**TASK DESCRIPTION:** In exact form, please repeat the records from their opening line down to the line with "Vero Moda Black", including that line.

╭─ MATERIAL SHOWN

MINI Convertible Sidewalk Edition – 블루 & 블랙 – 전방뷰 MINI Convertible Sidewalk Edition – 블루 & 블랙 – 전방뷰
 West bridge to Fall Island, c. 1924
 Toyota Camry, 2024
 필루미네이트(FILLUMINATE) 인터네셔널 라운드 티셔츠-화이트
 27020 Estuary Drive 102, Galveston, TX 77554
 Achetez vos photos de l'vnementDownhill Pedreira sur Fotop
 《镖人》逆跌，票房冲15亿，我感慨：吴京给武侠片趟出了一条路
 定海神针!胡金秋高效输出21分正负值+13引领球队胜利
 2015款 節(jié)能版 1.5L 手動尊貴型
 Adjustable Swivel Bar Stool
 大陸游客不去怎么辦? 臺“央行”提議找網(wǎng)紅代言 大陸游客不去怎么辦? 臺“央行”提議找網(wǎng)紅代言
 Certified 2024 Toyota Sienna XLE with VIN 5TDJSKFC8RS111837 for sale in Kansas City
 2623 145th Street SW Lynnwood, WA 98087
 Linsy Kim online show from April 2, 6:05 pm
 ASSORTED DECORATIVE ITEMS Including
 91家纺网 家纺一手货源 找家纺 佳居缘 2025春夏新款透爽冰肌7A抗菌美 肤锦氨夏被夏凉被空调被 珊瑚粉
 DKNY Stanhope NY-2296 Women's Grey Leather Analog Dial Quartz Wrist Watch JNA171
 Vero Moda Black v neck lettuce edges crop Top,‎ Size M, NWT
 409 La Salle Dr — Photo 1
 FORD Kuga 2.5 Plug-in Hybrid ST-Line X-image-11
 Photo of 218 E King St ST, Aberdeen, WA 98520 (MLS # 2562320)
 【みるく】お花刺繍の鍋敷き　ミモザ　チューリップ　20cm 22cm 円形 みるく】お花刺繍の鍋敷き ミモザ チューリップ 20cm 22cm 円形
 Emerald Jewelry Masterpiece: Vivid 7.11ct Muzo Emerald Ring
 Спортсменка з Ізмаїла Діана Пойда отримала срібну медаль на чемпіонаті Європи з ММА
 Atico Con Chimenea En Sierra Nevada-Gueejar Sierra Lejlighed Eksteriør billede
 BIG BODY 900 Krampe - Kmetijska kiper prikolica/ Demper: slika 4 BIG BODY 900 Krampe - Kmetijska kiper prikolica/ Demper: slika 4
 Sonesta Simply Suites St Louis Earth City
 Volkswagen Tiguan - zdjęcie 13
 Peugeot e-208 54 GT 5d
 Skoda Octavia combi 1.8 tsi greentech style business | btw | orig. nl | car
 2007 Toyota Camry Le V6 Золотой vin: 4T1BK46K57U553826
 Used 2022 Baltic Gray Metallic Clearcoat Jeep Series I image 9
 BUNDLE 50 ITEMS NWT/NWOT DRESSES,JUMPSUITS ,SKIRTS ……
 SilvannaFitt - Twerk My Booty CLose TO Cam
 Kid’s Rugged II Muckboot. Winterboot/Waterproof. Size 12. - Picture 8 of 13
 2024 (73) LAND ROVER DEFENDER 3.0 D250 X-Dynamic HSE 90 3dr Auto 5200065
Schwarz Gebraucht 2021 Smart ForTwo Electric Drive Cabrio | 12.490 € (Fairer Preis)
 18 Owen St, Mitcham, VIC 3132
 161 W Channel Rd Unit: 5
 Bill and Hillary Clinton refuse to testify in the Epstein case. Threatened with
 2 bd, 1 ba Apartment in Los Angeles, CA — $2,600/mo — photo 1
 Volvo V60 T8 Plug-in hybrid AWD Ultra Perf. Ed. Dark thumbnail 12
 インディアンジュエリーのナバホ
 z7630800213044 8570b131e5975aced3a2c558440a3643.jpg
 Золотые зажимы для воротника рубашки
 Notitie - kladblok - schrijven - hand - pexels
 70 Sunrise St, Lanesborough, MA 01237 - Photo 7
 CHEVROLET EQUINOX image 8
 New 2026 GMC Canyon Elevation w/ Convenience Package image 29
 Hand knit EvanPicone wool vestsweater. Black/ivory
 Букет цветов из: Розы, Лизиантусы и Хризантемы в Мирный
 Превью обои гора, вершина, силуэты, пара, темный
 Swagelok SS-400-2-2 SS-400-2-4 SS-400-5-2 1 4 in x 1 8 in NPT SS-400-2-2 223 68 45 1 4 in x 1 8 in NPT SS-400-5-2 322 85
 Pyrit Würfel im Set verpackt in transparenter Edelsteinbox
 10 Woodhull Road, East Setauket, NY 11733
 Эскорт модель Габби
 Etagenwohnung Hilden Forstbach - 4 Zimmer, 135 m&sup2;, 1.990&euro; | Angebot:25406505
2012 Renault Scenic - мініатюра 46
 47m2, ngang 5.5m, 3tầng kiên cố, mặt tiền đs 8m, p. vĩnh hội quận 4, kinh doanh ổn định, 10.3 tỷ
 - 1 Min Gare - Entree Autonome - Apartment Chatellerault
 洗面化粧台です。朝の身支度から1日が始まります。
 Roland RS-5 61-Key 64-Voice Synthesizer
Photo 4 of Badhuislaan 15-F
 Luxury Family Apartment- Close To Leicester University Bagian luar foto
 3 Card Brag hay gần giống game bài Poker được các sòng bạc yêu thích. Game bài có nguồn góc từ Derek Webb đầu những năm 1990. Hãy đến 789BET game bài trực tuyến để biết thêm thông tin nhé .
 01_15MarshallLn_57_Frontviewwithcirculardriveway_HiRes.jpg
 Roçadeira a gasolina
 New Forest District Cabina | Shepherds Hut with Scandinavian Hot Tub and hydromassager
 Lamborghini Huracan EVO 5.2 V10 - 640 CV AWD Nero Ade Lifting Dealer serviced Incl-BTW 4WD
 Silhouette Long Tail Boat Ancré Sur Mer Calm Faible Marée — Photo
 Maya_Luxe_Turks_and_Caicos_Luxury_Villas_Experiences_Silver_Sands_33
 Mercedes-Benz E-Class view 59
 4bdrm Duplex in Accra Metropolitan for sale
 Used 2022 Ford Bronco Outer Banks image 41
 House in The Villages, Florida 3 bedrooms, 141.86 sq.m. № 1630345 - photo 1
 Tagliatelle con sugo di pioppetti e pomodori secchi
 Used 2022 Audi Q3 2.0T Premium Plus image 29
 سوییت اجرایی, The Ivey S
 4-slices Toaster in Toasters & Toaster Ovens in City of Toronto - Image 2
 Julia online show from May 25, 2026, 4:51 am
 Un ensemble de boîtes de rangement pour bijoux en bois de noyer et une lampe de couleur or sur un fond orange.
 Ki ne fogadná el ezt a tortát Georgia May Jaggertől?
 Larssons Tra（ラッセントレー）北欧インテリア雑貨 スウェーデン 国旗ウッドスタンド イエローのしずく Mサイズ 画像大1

╰─

**TASK RESULT:**
MINI Convertible Sidewalk Edition – 블루 & 블랙 – 전방뷰 MINI Convertible Sidewalk Edition – 블루 & 블랙 – 전방뷰
 West bridge to Fall Island, c. 1924
 Toyota Camry, 2024
 필루미네이트(FILLUMINATE) 인터네셔널 라운드 티셔츠-화이트
 27020 Estuary Drive 102, Galveston, TX 77554
 Achetez vos photos de l'vnementDownhill Pedreira sur Fotop
 《镖人》逆跌，票房冲15亿，我感慨：吴京给武侠片趟出了一条路
 定海神针!胡金秋高效输出21分正负值+13引领球队胜利
 2015款 節(jié)能版 1.5L 手動尊貴型
 Adjustable Swivel Bar Stool
 大陸游客不去怎么辦? 臺“央行”提議找網(wǎng)紅代言 大陸游客不去怎么辦? 臺“央行”提議找網(wǎng)紅代言
 Certified 2024 Toyota Sienna XLE with VIN 5TDJSKFC8RS111837 for sale in Kansas City
 2623 145th Street SW Lynnwood, WA 98087
 Linsy Kim online show from April 2, 6:05 pm
 ASSORTED DECORATIVE ITEMS Including
 91家纺网 家纺一手货源 找家纺 佳居缘 2025春夏新款透爽冰肌7A抗菌美 肤锦氨夏被夏凉被空调被 珊瑚粉
 DKNY Stanhope NY-2296 Women's Grey Leather Analog Dial Quartz Wrist Watch JNA171
 Vero Moda Black v neck lettuce edges crop Top,‎ Size M, NWT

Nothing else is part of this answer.